Suddenly, and unexpectedly, the Government is stuck: It can’t go forward in the military commissions because it hasn’t built the appeal system yet, and it can’t go back because the Supreme Court just cut that road off-at least for now. 

Third, and perhaps most important, the Supreme Court’s decision may cast light on the moral, human rights and national security train wreck that is Guantánamo because it will entail examination of the CSRTs. This affects every one of the Guantánamo detainees, and puts into spotlight the whole gamut of detention policies around the world. 

The Court has agreed to hear a range of questions that go the fundamental issue of whether and what rights to due process the detainees have. Suddenly, the whole CSRT system is under scrutiny of a kind it’s never faced. That means we will likely learn much more about how inadequate those procedures are, the extent to which they have relied on evidence gained by torture and abuse and how few safeguards they have against error. To judge by the affidavit of Stephen Abraham, a 26-year veteran of military intelligence who served at Guantánamo, the answers will make interesting fare. Abraham reports a wholly sham process , in which “[w]hat were purported to be specific statements of fact [used to justify detentions] lacked even the most fundamental earmarks of objectively credible evidence.”

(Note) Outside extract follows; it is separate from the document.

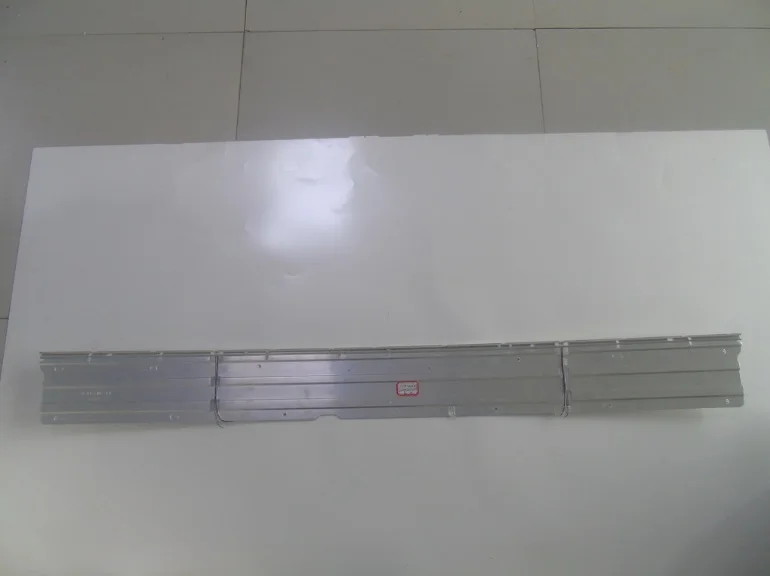 

New 10 PCS/lot 84LED 598mm LED Backlight strip for LED55M5600UC Hisense_55_HE550IUC_B52_84+84_4014M LT-1163576-B E227809 124G055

If the CSRT process used in 2004 to classify Guantánamo detainees as “enemy combatants” is indeed examined by the Court, I believe it will fail. Any independent-minded assessment of that system will demonstrate it was a sham from the start, a Potemkin process for a Soviet-style policy of mass detention without discrimination, mercy or decency. (I do not mean that no Justices will vote to uphold the system. To the contrary, some will. They will be wrong, legally and morally).   

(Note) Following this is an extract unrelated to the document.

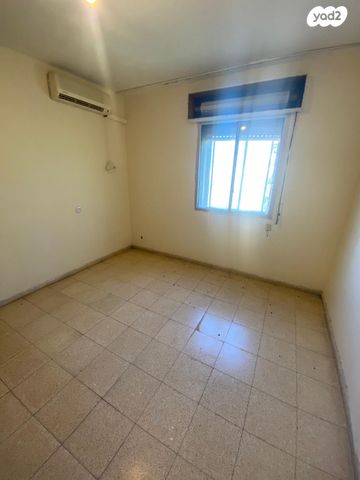 דירה, מרדכי היהודי, בקעה, ירושלים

And Congress., which itself is stirring from a long slumber, can move this along too. Last week in addition, Senator Patrick Leahy issued subpoenas respecting the NSA’s warrantless wiretapping program. White House Counsel Fred Fielding and Acting Attorney General Paul Clement have already asserted executive privilege. Although the ACLU has already put a ticker on their website  marking the days to the subpoenas’ compliance deadline, it is unlikely that the White House will comply. In all likelihood, it will take full advantage of the lethargic judicial process and work to ensure that inauguration precedes compliance. Given the conservative tilt of the courts and the quality of the government’s trial advocacy-Clement, who will likely defend the executive’s position in court, is a spectacularly good lawyer-the process will not be quick.  

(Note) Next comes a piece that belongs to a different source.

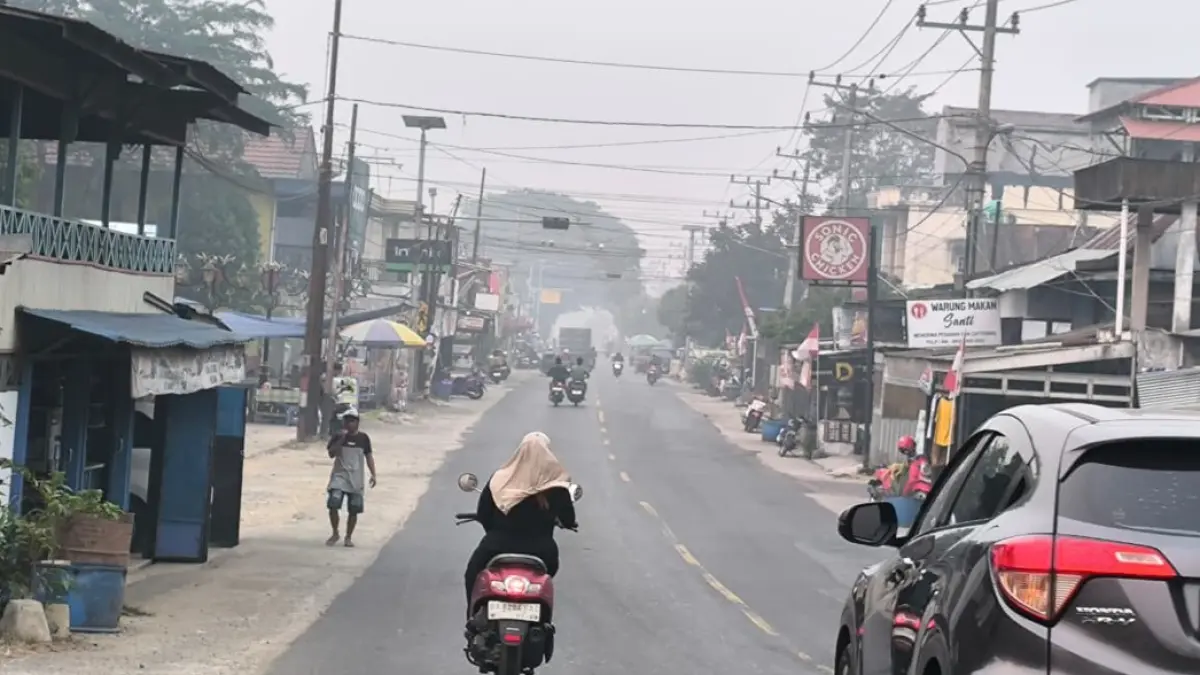DILEMA KABUT ASAP: Suasana salah satu kawasan di Kabupaten Balangan. Dinas Pendidikan belum mengeluarkan surat edaran penyesuaian jam belajar karena belum adanya data kualitas udara dari BPBD.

The larger importance of the subpoenas should not, however, be missed: For the first time in six years, Congress is pushing back on a national-security issue against executive stonewalling. But NSA wiretapping is but one issue among many that demands oversight. These should not be the first or last subpoenas. Indeed, the Court’s action last week makes a compelling case for more subpoenas.

For years, the Administration has been telling us  that Guantánamo contained the “worst of the worst,” and that the operations there were all “humane.” Now that the issue is before the Supreme Court, the issue of detainee treatment and classification should be at the top of the agenda. As the case comes to the Court, there is much Congress can do to ensure that the American people-not to mention the Justices-have as complete an understanding of the true facts about detention policy. Congress can use its investigative power to ensure that the Administration cannot paper over the truth at Guantánamo. It can make sure that the Court has before it a more unvarnished truth, rather than the anodyne propaganda the administration circulates. 

The subpoenas from the Judiciary Committee, in other words, cannot be the culmination of oversight efforts. With the road opened by the Courts, Congress must now make sure that a true and right path can be seen out of the tangled mire into which the Administration has sunk our country.